EXERCISE INSTRUCTIONS
All lines from the opening of the data to the line containing "Womens Plus High" must be returned unchanged, and only those lines.

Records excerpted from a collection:
▬▬▬▬▬▬

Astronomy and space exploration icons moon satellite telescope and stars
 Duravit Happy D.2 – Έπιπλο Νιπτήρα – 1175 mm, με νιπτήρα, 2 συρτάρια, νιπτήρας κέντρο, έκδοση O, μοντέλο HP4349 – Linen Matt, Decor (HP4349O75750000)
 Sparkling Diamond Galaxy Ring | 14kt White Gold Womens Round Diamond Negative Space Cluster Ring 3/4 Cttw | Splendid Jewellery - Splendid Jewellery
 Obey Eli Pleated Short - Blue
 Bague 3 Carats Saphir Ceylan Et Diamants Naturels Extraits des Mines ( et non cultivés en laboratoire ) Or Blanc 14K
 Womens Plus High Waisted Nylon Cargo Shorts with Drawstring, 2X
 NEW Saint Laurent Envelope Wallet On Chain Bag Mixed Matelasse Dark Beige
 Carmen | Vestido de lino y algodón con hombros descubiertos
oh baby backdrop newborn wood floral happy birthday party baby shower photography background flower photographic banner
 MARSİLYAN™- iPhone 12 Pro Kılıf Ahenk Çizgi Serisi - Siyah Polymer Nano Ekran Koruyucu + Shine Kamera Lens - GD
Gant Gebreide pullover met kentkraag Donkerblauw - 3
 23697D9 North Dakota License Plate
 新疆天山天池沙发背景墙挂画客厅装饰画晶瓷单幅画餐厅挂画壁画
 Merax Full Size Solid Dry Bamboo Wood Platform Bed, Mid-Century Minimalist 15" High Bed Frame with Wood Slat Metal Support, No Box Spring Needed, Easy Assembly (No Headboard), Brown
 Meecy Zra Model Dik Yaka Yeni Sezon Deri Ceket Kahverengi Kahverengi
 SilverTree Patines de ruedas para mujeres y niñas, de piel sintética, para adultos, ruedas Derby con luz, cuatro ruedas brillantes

▬▬▬▬▬▬

YOUR SOLUTION
Astronomy and space exploration icons moon satellite telescope and stars
 Duravit Happy D.2 – Έπιπλο Νιπτήρα – 1175 mm, με νιπτήρα, 2 συρτάρια, νιπτήρας κέντρο, έκδοση O, μοντέλο HP4349 – Linen Matt, Decor (HP4349O75750000)
 Sparkling Diamond Galaxy Ring | 14kt White Gold Womens Round Diamond Negative Space Cluster Ring 3/4 Cttw | Splendid Jewellery - Splendid Jewellery
 Obey Eli Pleated Short - Blue
 Bague 3 Carats Saphir Ceylan Et Diamants Naturels Extraits des Mines ( et non cultivés en laboratoire ) Or Blanc 14K
 Womens Plus High Waisted Nylon Cargo Shorts with Drawstring, 2X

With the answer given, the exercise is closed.